Los santos inocentes es una fiesta que nos deja perplejos. La maldad del hombre que se ha abandonado a su propio pecado puede llegar a límites insospechados: ¡mandar matar a todos los niños menores de dos años! El mundo se rasga las vestiduras ante estas cosas. Pero luego se traga la muerte, no de 50 o 60 niños como podría haber en Belén y sus alrededores, sino la de millones de niños abortados en el seno de sus madres… Y a eso se le llama progreso y mejora de las libertades. En nuestra meditación de hoy puede haber un recuerdo a todos esos niños. Rezar por ellos, rezar por sus madres, rezar por todos los que de una manera u otra favorecen que esos asesinatos se sigan produciendo, rezar por todas las personas buenas que luchan por desterrar esa lacra de la sociedad… Rezar… para luego actuar.
Pero además de esta perplejidad nos encontramos con esta otra: Dios permite que su Hijo sea perseguido, y que su santa familia tenga que exiliarse de su país, del pueblo de Israel, el pueblo elegido, para irse a un pueblo de paganos, Egipto, donde nadie les conociera y donde nadie viviría sus tradiciones.

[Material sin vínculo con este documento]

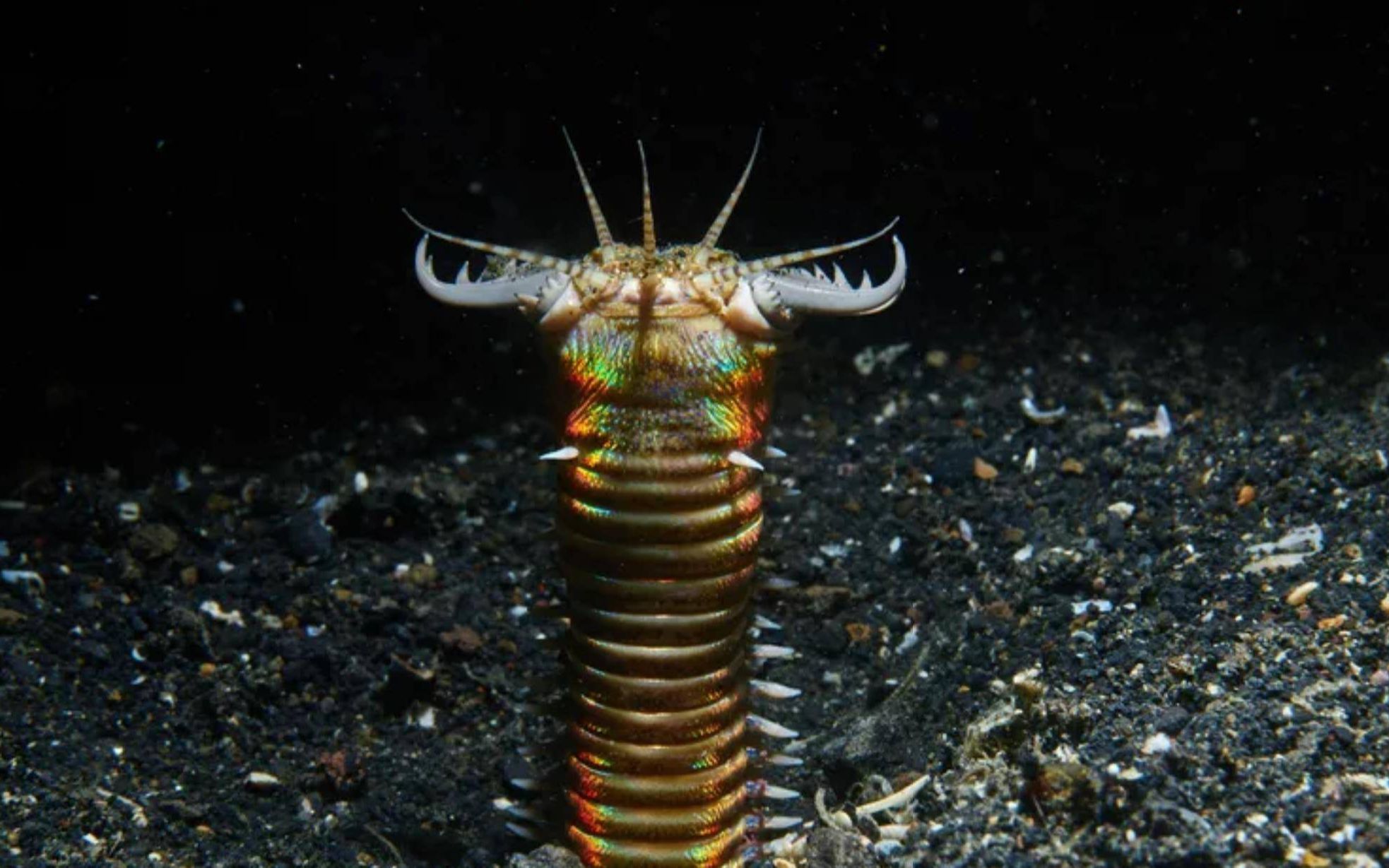 博比特虫是隐藏海底的地狱级猎手,任何生物路过,都会被劈成两段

Jesús, el Hijo de Dios recién nacido, tiene que huir. Y la orden la recibe el hombre justo, José: “Levántate, coge al niño y a su madre y huye a Egipto…”
¡Cuántas veces no entendemos las cosas de Dios! Y, sin embargo, son siempre para nuestro bien. En aquella ocasión, la obediencia de José, que tenía mil razones para quejarse o para no hacer lo que le decían, sirvió para salvar la vida del hijo y de la madre que tenía a su cargo. Y nosotros, que pasamos por tantas situaciones inexplicables y que se las achacamos a Dios ¡cuánto nos quejamos! Simplemente con esperar un poco o ampliar un poco la perspectiva del porqué de las cosas, enseguida veremos la mano providente de Dios que al ritmo que él sabe y nosotros necesitamos aun sin saberlo, gobierna las cosas con sabiduría y amor.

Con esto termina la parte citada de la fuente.